■ **EXERCISE**: Set down exact lines only, from the line with "RAW – Cone Classic" through the last line of the material below, with every picture left out.

■ **RAW DATA**:
Content starts
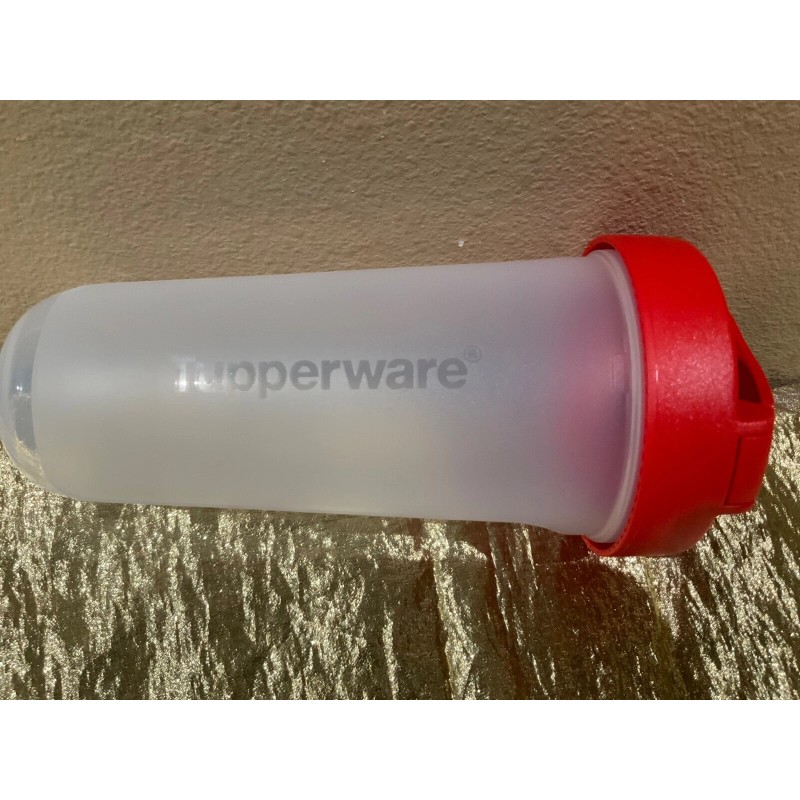 New UNIQUE Tupperware Quick Shake Shaker Blender Bright Red Color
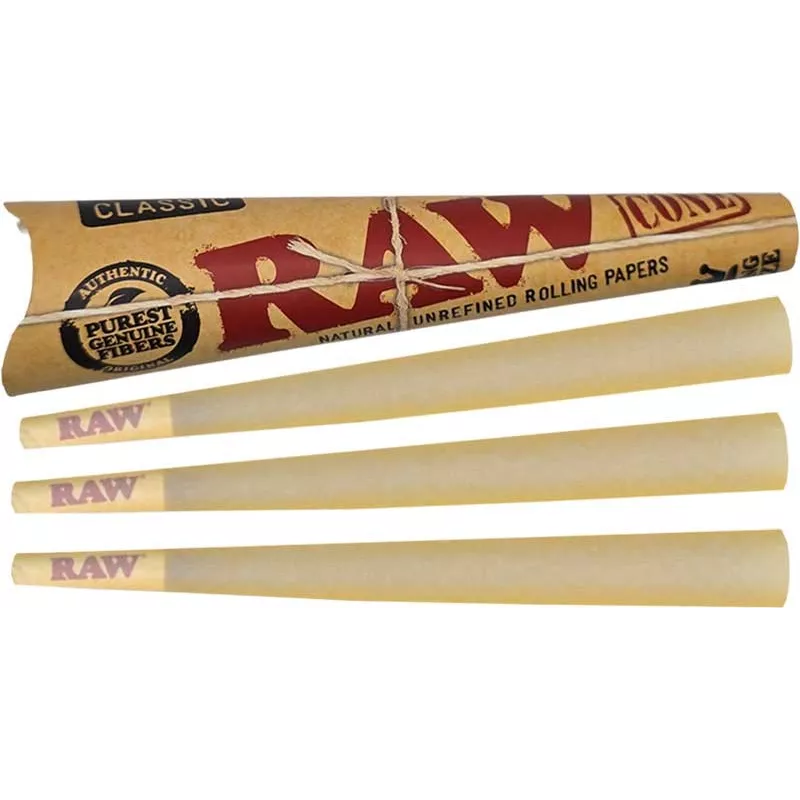 RAW – Cone Classic Kingsize 3 Stück – Vorgefertigte Cones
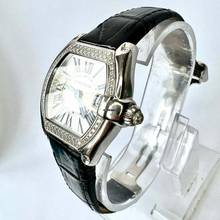 Thumbnail von Cartier Roadster Quartz 18K White Gold 31mm ~1TCW FACTORY DIAMOND Watch </h1>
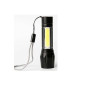 Torche COB 1W + CREE 2W Rechargeable 400mAh USB - Beast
Content ends
■ **SOLUTION BELOW**:
 RAW – Cone Classic Kingsize 3 Stück – Vorgefertigte Cones
 Thumbnail von Cartier Roadster Quartz 18K White Gold 31mm ~1TCW FACTORY DIAMOND Watch </h1>
 Torche COB 1W + CREE 2W Rechargeable 400mAh USB - Beast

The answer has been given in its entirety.